- What is being asked -
Omit the pictures. Transcribe exactly the lines below, from the one with "New emails for" up to and including the last.

- Data shown -
===============

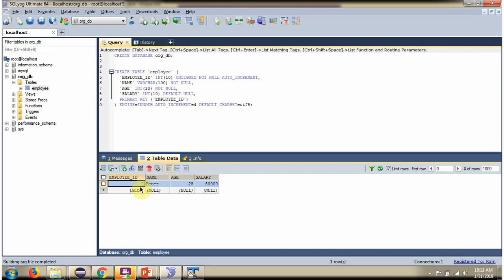Here you can see, one record is successfully inserted into Employee table.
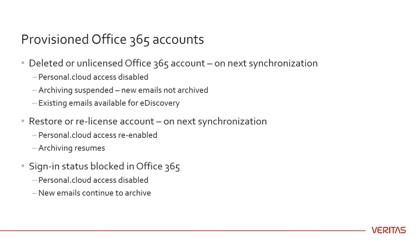New emails for the account are not archived, but existing emails remain available for eDiscovery. Office 365 Sync will append the email address of the archive account with disabled on date, where date is the date and time when archiving was suspended. If you subsequently restore or relicense the account in Office 365, then during the next synchronization, Office 365 Sync re-enables Personal.cloud access and resumes archiving.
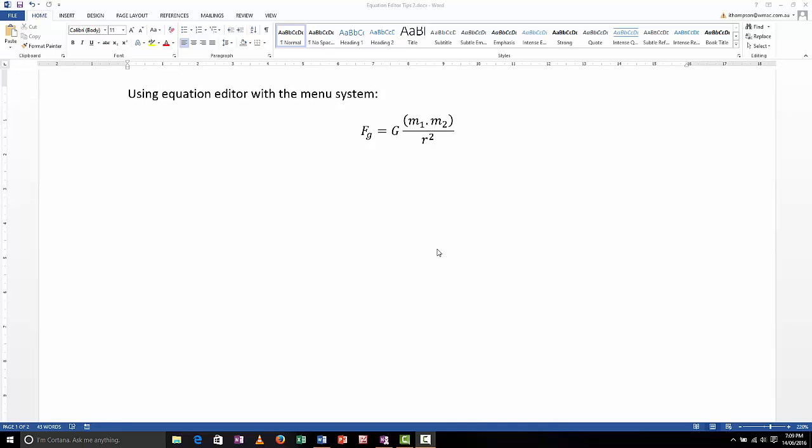G'day, this is Mr. Thompson. I'm going to create a short series of videos which will show you how to use equation editor, which is a wonderful little tool that comes from Microsoft and it's very useful for putting equations into Word documents.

===============

- Written reply -
New emails for the account are not archived, but existing emails remain available for eDiscovery. Office 365 Sync will append the email address of the archive account with disabled on date, where date is the date and time when archiving was suspended. If you subsequently restore or relicense the account in Office 365, then during the next synchronization, Office 365 Sync re-enables Personal.cloud access and resumes archiving.
G'day, this is Mr. Thompson. I'm going to create a short series of videos which will show you how to use equation editor, which is a wonderful little tool that comes from Microsoft and it's very useful for putting equations into Word documents.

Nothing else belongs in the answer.